Your question is very interesting in the sense that "common sense", being acquired in the social environment in which one is born, is highly dependent on positive law, and therefore no longer has any connection with what we call natural law. Natural law is a kind of fiction, thought to predate positive law, which attempts to correct natural inequalities to give all individuals equal rights (at least in a democracy). If I consider "natural law" to be a fiction, or a mythology, it's because there are no human societies without laws - written or unwritten - governing relations between individuals, and depending on the beliefs of those (usually men) who impose these laws or rules. Current "common sense", for example, consists in considering that women have rights, that children have specific rights (to be protected as children), but if you look at what's happening with children today, because of gender theory, you can see that they are not protected against this theory, and that in reality, women who base themselves on natural facts, i.e. the difference between the sexes, and the right of women to be homosexual, are very violently opposed by the proponents of gender theory. You could write a whole book on this subject! But I'm guessing some already exist. I don't know all the bibliography that exists in all the languages :-) I wish you lots of research!
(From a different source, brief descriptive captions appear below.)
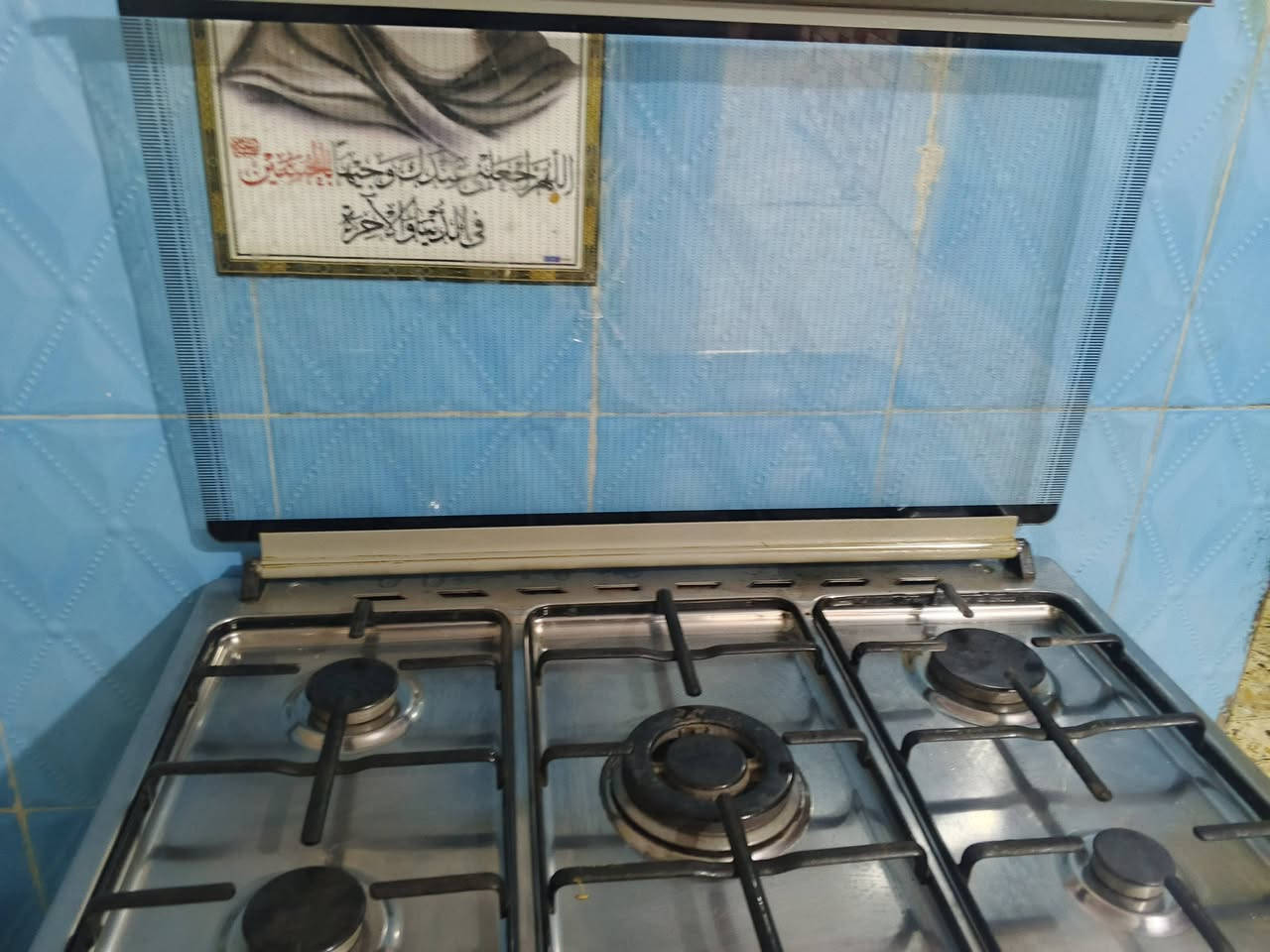 السلام عليكم عندي طباخ للبيع سعر 200 و بي مجال العنوان بغداد شارع محمد الصافي رقم الهاتف ***********
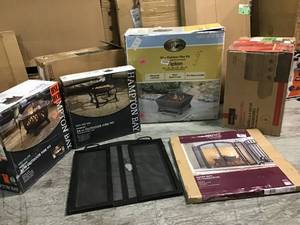 lot 35 image: ASSORTED PALLET WITH OUTDOOR PATIO ITEMS SEE PICS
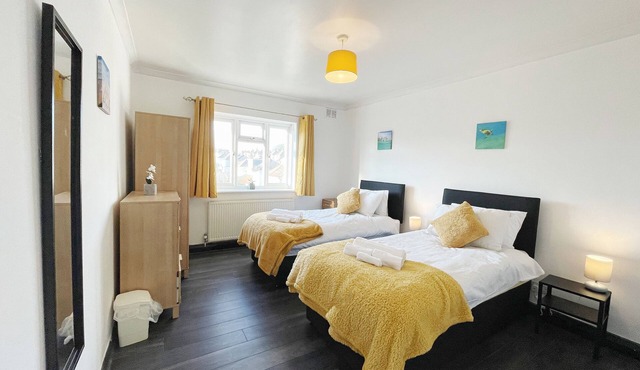 3 bed apartment, free WIFI & Netflix, discounts on long term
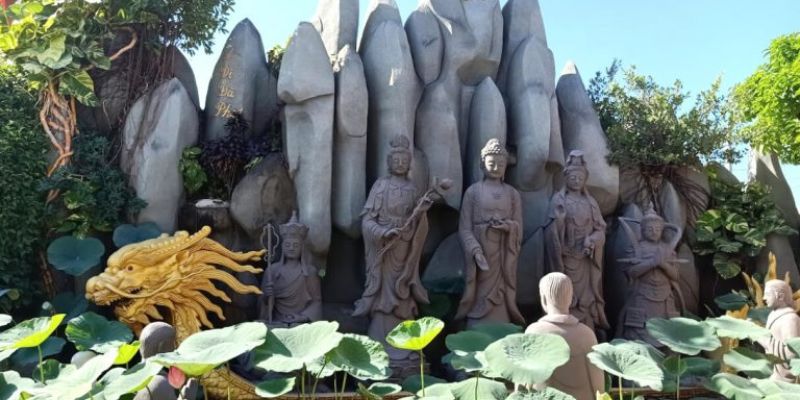 Trong khuôn viên có nhiều công trình thờ tự lớn nhỏ khác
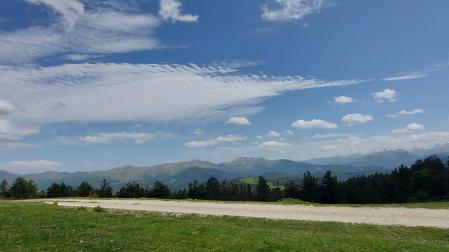 Altocúmulos decorando el cielo del Pirineo, desde Ori (izquierda) hasta la Mesa y Petretxema (derecha)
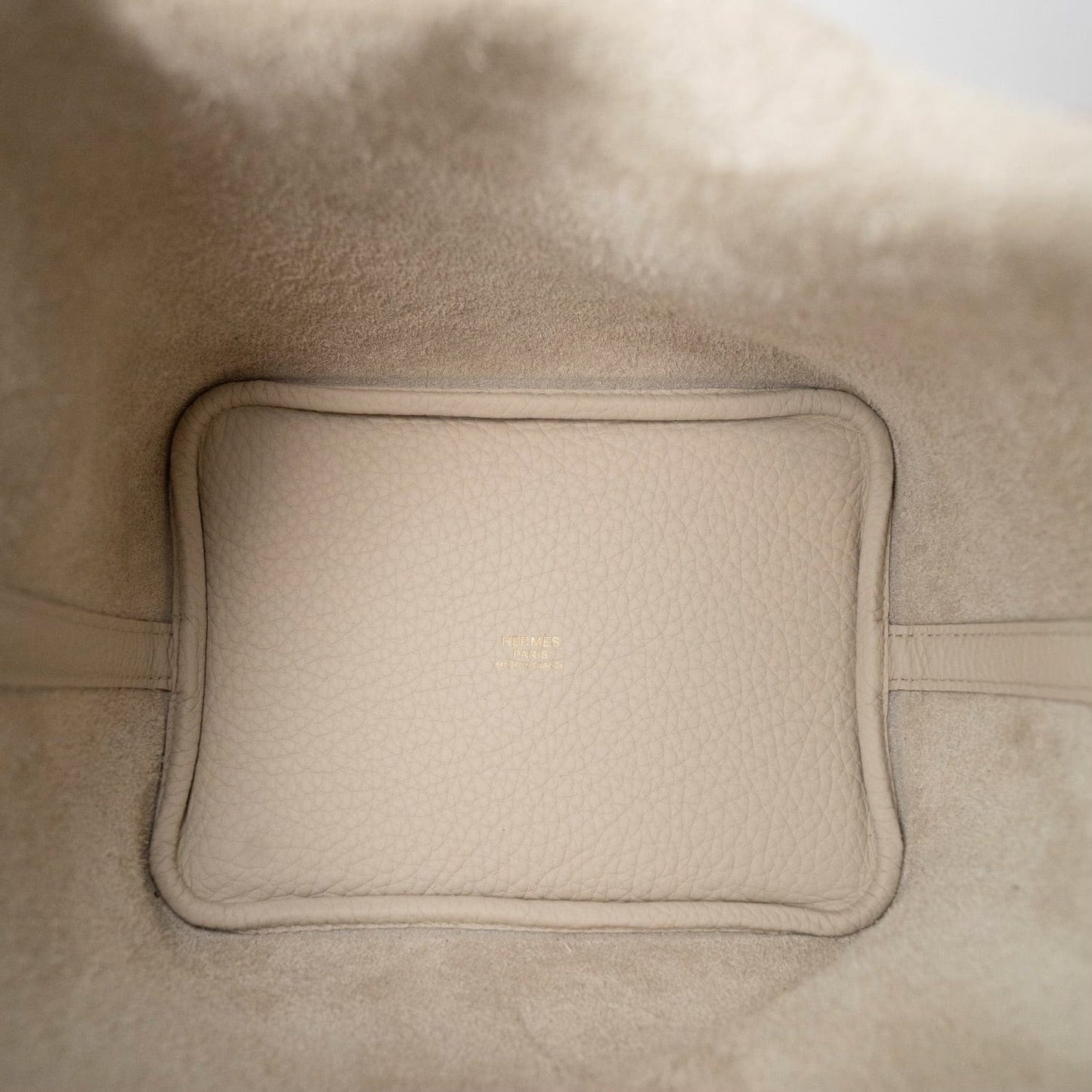 Picotin Lock 18 Beton Taurillon Clemence B Stamp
Without any flight of fantasy, common sense is -ceteris paribus- an offshoot of the natural laws. Every mortal is entitled to enjoying a plethora of rights and privileges which are considered to have outdated his creation. Thomas Paine in (The Rights of Man) opines that:
"Natural rights are those which appertain to a man in right of his existence---Among this class, as is before mentioned, are all the intellectual rights, or rights of the mind: consequently, religion is one those rights".
Inferentially, where there are natural rights, there are automatically natural laws. When there are natural laws, religion should be inclusive, and when it is inclusive, it works along with impeccable experiences to build a kind of common sense that will assume a global colouration.